Exercise
Retype all of the entries exactly as they appear.

Recorded data
***
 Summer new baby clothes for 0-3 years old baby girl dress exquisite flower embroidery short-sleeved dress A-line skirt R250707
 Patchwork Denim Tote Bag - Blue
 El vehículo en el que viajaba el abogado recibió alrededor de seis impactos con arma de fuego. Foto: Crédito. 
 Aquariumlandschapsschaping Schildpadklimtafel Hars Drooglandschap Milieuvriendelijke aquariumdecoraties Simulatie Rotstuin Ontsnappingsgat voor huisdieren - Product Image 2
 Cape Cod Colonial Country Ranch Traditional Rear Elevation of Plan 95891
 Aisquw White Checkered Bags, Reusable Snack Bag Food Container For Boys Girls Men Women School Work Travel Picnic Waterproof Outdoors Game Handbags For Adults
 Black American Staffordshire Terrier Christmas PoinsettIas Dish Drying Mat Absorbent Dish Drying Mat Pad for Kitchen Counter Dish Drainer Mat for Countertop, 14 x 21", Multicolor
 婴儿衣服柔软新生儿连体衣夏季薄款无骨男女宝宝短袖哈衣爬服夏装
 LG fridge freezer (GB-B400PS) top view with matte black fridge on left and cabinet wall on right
***
Exercise response
 Summer new baby clothes for 0-3 years old baby girl dress exquisite flower embroidery short-sleeved dress A-line skirt R250707
 Patchwork Denim Tote Bag - Blue
 El vehículo en el que viajaba el abogado recibió alrededor de seis impactos con arma de fuego. Foto: Crédito. 
 Aquariumlandschapsschaping Schildpadklimtafel Hars Drooglandschap Milieuvriendelijke aquariumdecoraties Simulatie Rotstuin Ontsnappingsgat voor huisdieren - Product Image 2
 Cape Cod Colonial Country Ranch Traditional Rear Elevation of Plan 95891
 Aisquw White Checkered Bags, Reusable Snack Bag Food Container For Boys Girls Men Women School Work Travel Picnic Waterproof Outdoors Game Handbags For Adults
 Black American Staffordshire Terrier Christmas PoinsettIas Dish Drying Mat Absorbent Dish Drying Mat Pad for Kitchen Counter Dish Drainer Mat for Countertop, 14 x 21", Multicolor
 婴儿衣服柔软新生儿连体衣夏季薄款无骨男女宝宝短袖哈衣爬服夏装
 LG fridge freezer (GB-B400PS) top view with matte black fridge on left and cabinet wall on right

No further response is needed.